WORK TO BE COMPLETED: For the entries below, the result should be an exact transcription of the lines from the one with "Attractive businesswoman. Image" up to and including the one with "A Black Forest Carved Wood Child's Chair", and only those.

BEGIN RAW DATA

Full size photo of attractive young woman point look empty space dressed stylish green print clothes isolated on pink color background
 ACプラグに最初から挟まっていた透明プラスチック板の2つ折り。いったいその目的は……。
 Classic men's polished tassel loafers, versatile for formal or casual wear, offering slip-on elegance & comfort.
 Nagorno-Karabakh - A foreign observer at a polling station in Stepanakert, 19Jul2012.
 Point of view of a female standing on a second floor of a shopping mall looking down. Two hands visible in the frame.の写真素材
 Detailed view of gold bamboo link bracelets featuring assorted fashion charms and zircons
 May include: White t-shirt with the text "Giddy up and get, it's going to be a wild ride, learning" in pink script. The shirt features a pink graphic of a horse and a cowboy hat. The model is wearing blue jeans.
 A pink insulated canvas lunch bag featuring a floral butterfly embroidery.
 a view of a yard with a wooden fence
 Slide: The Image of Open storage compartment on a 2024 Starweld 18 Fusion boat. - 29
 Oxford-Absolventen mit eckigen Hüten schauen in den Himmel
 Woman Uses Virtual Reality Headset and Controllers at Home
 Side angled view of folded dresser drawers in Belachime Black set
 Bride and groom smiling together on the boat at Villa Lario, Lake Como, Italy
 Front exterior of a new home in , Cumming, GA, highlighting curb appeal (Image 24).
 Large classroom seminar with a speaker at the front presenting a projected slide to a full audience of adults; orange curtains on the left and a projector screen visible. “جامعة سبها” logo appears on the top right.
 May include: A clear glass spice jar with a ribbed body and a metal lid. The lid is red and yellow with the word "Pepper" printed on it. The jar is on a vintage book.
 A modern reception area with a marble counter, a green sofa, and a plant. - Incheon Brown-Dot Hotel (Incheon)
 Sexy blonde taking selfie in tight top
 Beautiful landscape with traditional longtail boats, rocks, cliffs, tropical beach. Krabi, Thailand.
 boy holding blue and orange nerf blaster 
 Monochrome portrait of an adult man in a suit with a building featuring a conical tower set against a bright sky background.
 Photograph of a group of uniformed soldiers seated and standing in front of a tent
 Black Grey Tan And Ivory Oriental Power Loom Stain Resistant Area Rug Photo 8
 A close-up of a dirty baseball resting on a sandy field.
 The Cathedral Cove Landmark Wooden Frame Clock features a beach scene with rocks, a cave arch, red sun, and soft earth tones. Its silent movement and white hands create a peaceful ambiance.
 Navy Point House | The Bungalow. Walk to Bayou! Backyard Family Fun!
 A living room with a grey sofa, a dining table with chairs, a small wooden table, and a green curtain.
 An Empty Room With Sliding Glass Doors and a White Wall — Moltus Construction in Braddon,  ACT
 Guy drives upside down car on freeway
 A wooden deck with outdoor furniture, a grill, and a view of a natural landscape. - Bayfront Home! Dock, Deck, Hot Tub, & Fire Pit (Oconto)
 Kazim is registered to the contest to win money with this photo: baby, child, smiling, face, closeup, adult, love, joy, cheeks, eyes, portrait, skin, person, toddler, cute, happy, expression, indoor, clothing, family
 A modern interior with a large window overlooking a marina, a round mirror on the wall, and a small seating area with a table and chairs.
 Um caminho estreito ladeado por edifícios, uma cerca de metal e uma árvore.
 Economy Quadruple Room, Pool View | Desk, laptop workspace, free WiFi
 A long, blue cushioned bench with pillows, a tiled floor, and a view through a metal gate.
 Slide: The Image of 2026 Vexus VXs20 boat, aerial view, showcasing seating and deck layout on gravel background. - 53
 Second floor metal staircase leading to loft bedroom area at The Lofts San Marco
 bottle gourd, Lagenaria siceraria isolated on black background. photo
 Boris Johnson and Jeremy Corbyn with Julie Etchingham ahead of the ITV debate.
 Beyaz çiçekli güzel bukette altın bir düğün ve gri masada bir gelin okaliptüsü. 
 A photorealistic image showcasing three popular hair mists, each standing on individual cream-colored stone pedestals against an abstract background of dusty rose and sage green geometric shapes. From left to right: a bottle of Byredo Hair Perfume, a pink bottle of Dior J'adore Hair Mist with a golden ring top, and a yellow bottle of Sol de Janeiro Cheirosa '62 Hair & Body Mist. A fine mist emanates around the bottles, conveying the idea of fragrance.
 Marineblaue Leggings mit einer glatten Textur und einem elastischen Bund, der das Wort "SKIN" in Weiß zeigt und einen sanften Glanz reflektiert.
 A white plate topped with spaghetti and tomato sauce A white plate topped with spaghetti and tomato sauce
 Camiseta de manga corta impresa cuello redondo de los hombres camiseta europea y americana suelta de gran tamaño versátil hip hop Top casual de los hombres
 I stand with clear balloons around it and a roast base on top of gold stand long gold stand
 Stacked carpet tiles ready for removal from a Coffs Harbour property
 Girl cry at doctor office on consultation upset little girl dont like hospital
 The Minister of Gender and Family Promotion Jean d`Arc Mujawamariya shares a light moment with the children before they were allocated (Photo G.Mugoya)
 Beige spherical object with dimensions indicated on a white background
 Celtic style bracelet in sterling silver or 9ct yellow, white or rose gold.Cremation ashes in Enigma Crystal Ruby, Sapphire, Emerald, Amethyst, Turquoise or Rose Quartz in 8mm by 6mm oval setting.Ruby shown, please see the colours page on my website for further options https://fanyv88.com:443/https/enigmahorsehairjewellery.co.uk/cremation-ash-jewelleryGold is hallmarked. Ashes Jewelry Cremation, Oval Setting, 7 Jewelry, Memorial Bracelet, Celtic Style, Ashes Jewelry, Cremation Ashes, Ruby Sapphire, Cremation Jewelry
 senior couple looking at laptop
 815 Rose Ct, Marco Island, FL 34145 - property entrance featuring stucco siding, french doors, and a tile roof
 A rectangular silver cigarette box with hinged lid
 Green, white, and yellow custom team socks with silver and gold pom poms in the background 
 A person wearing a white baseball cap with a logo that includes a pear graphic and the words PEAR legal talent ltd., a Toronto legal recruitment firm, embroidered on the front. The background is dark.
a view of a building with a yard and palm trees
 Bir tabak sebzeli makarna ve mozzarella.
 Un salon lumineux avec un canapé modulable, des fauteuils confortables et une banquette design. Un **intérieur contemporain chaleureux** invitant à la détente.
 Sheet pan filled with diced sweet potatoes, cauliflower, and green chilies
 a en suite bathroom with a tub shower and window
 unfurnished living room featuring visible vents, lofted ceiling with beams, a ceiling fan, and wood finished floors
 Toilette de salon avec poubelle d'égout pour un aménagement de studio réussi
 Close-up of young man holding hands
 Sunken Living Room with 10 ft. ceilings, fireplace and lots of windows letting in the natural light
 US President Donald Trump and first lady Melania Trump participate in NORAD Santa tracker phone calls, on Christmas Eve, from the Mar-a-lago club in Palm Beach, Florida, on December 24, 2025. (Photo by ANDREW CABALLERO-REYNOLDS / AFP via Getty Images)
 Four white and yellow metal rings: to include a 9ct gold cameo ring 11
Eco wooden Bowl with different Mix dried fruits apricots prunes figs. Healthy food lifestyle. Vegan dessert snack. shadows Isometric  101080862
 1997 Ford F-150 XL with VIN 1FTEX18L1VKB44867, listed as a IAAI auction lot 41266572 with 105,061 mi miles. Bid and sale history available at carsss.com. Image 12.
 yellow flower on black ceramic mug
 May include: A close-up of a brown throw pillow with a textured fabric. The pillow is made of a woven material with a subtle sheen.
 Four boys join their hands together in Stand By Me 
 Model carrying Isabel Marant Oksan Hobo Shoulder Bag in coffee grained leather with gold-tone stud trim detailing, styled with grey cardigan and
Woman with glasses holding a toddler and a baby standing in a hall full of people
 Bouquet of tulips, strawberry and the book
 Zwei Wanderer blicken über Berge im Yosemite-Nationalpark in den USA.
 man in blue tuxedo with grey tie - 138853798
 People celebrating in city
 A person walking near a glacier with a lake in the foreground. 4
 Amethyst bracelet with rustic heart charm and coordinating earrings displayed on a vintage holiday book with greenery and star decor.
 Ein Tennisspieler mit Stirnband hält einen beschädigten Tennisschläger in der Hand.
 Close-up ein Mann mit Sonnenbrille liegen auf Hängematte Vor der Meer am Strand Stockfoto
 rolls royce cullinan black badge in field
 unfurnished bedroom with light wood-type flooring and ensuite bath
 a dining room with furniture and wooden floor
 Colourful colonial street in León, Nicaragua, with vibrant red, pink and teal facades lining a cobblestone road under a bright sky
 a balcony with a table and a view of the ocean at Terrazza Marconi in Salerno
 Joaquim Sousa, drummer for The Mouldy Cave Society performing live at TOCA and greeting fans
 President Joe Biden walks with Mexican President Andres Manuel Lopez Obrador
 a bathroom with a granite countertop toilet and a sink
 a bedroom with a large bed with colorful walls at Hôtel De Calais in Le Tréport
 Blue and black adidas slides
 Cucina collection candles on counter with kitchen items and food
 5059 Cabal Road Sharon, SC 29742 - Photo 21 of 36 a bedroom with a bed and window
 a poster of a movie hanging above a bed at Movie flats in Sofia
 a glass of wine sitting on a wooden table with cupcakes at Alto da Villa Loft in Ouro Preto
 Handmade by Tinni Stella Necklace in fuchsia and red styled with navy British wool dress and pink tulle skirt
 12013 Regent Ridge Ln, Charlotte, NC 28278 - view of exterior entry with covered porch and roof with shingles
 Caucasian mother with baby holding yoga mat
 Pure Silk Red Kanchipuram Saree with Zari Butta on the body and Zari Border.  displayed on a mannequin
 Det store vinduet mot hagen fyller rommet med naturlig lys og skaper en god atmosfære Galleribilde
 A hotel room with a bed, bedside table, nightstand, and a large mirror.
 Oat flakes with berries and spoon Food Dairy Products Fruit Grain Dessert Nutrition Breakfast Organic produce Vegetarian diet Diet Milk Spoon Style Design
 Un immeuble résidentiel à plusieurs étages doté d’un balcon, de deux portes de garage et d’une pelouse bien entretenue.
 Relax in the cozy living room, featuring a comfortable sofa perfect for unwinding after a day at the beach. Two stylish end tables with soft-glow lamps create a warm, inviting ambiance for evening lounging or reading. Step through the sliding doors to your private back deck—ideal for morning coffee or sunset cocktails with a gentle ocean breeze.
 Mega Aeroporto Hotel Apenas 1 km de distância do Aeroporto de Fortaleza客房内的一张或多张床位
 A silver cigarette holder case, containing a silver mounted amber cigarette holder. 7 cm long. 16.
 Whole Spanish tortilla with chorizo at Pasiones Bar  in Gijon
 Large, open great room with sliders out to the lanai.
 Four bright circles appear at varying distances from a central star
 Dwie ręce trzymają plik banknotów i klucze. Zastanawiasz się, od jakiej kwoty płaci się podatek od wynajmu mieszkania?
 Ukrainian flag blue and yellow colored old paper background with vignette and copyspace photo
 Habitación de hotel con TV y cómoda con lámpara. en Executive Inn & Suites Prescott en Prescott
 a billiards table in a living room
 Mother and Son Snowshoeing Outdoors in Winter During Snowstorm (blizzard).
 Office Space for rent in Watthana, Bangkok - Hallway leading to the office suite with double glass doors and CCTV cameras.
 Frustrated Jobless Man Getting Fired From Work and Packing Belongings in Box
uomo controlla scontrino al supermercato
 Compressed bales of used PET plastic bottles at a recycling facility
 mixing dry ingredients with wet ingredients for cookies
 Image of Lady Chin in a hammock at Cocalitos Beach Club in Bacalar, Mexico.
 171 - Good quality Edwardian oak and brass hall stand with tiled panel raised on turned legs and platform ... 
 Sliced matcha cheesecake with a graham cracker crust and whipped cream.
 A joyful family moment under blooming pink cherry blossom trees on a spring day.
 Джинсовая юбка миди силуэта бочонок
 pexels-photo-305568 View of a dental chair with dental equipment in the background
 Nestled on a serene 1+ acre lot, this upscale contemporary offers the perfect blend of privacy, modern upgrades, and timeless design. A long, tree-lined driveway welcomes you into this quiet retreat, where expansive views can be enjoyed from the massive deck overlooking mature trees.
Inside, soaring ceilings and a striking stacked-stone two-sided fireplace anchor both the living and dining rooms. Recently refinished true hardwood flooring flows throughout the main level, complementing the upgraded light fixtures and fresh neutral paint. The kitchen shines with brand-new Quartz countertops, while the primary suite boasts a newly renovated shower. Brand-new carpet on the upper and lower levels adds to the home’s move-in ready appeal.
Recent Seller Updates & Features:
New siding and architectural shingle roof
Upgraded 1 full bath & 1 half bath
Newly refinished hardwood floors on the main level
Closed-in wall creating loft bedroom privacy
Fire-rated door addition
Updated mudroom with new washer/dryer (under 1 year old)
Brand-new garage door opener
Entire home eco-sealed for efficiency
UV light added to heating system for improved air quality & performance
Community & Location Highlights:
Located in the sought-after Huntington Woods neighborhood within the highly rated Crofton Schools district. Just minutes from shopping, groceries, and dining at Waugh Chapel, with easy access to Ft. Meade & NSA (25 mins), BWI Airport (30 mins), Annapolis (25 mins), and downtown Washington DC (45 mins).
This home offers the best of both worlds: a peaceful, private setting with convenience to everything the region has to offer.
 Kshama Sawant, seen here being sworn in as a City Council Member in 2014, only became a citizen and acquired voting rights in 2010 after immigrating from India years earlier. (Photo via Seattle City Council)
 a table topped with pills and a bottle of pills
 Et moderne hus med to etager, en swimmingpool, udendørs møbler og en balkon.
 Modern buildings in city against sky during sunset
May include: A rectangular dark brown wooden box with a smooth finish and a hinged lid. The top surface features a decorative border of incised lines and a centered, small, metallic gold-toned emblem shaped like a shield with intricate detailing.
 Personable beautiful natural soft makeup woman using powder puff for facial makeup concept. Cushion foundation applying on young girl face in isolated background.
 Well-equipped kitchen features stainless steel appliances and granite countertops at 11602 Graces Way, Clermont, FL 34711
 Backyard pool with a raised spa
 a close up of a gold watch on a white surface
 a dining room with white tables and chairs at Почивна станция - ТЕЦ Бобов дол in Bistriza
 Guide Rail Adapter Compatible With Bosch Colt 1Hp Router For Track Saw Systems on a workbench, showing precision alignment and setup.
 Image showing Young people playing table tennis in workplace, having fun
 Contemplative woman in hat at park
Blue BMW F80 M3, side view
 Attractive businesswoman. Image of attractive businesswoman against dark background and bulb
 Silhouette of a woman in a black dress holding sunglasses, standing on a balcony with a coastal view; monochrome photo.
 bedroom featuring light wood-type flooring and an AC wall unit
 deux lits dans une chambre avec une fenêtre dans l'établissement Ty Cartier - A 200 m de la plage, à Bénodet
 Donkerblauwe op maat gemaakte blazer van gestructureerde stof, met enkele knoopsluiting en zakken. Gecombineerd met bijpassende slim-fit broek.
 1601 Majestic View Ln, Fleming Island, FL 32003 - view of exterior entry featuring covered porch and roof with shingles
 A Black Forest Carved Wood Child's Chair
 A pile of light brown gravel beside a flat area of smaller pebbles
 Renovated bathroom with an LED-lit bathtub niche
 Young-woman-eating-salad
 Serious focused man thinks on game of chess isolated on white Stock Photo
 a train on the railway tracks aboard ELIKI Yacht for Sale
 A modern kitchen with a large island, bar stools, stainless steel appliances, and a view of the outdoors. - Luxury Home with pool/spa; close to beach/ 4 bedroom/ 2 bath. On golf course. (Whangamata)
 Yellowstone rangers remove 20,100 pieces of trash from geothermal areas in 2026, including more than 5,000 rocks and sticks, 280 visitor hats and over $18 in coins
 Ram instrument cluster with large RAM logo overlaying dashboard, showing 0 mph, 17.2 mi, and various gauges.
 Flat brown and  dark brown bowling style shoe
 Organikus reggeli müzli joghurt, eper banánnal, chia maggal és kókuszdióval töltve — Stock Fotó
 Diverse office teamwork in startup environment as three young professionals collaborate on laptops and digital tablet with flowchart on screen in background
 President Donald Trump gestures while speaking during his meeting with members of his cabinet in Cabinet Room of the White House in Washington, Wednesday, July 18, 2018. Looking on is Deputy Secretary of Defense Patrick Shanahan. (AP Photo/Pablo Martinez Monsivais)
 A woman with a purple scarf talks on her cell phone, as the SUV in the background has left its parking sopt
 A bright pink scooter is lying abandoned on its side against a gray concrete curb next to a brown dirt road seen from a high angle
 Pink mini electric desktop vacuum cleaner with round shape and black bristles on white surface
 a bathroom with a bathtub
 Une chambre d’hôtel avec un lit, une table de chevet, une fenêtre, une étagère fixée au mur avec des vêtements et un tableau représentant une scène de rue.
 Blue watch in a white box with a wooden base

END RAW DATA

EXERCISE RESPONSE:
 Attractive businesswoman. Image of attractive businesswoman against dark background and bulb
 Silhouette of a woman in a black dress holding sunglasses, standing on a balcony with a coastal view; monochrome photo.
 bedroom featuring light wood-type flooring and an AC wall unit
 deux lits dans une chambre avec une fenêtre dans l'établissement Ty Cartier - A 200 m de la plage, à Bénodet
 Donkerblauwe op maat gemaakte blazer van gestructureerde stof, met enkele knoopsluiting en zakken. Gecombineerd met bijpassende slim-fit broek.
 1601 Majestic View Ln, Fleming Island, FL 32003 - view of exterior entry featuring covered porch and roof with shingles
 A Black Forest Carved Wood Child's Chair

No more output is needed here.